L’alcool dans les médias

Dans nos sociétés médiatiques, l’alcool est partout. Il est bien sûr présent dans la publicité, mais aussi dans les films, séries, romans, compétitions sportives, internet, etc. À un point tel qu’il ne se remarque même plus: il fait partie du décor. Les dépenses publicitaires des producteurs et distributeurs d’alcool en Belgique sont 790 fois plus importantes que les subventions du secteur de la prévention!
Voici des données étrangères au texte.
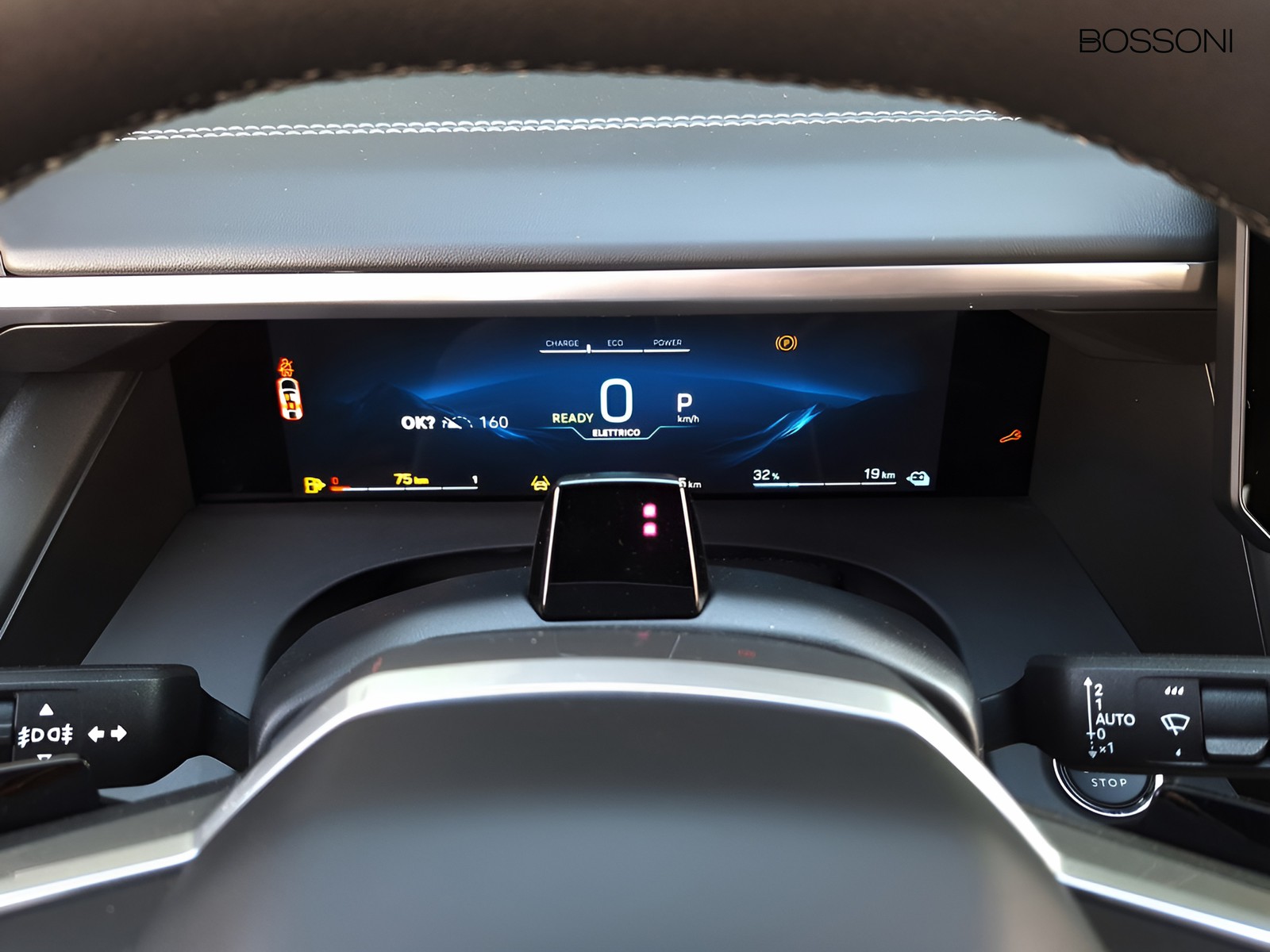 10 - Jeep Compass 1.6 turbo e-hybrid plug-in 225cv first edition fwd edct7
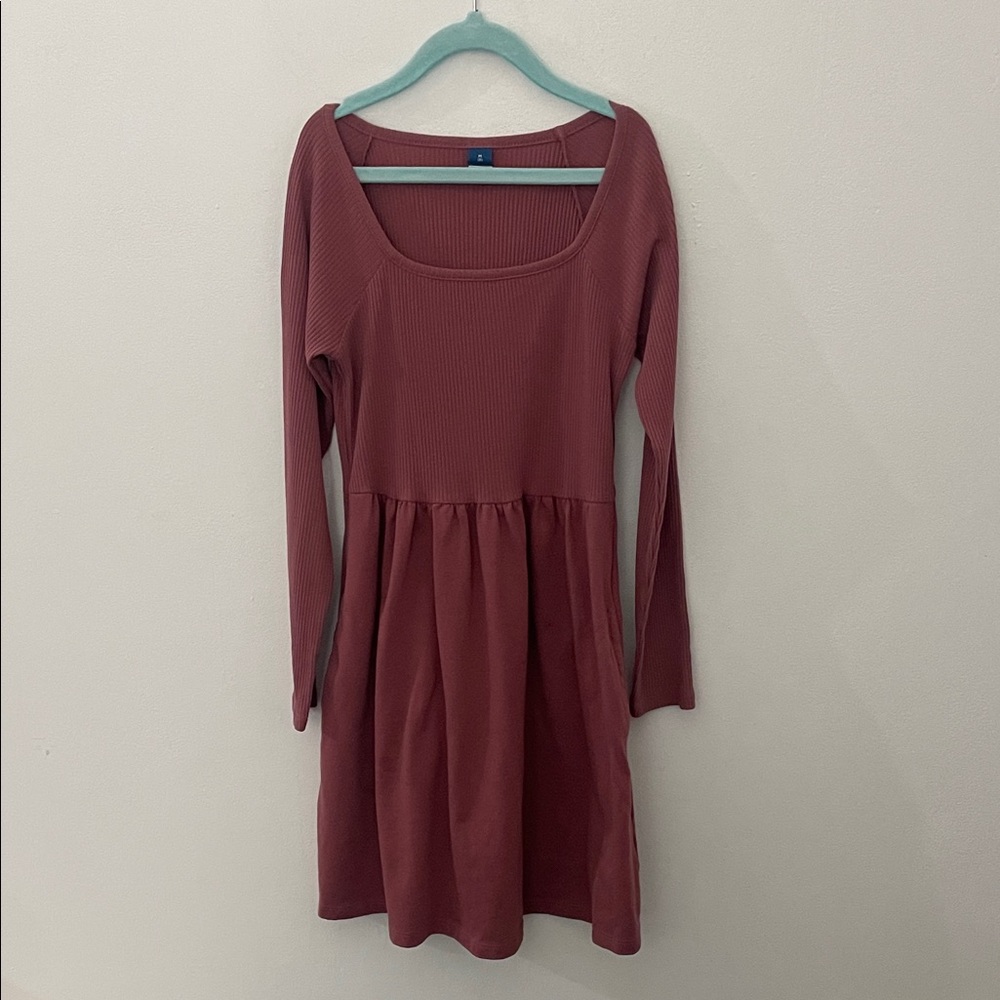 Old Navy Ribbed Long Sleeve Dress in Mauve Size Medium (8)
De plus, la publicité est souvent manipulatrice, car le public ne perçoit pas les procédés qu’elle met en œuvre. Infor-Drogues a réalisé deux spots vidéos pour mettre à jour ces procédés:
  • Le premier «L’alcool c’est la fête» est constitué d’extraits fictions, qui nous disent que boire de l’alcool est gage de fête remarquable, d’amitié, de bonne humeur et de réussite sociale.
  • Le deuxième «L’alcool c’est moi» est constitué d’extraits de publicités indiquant que l’alcool aide chacun à trouver son caractère, son identité, qu’en somme, l’alcool révèle la personnalité.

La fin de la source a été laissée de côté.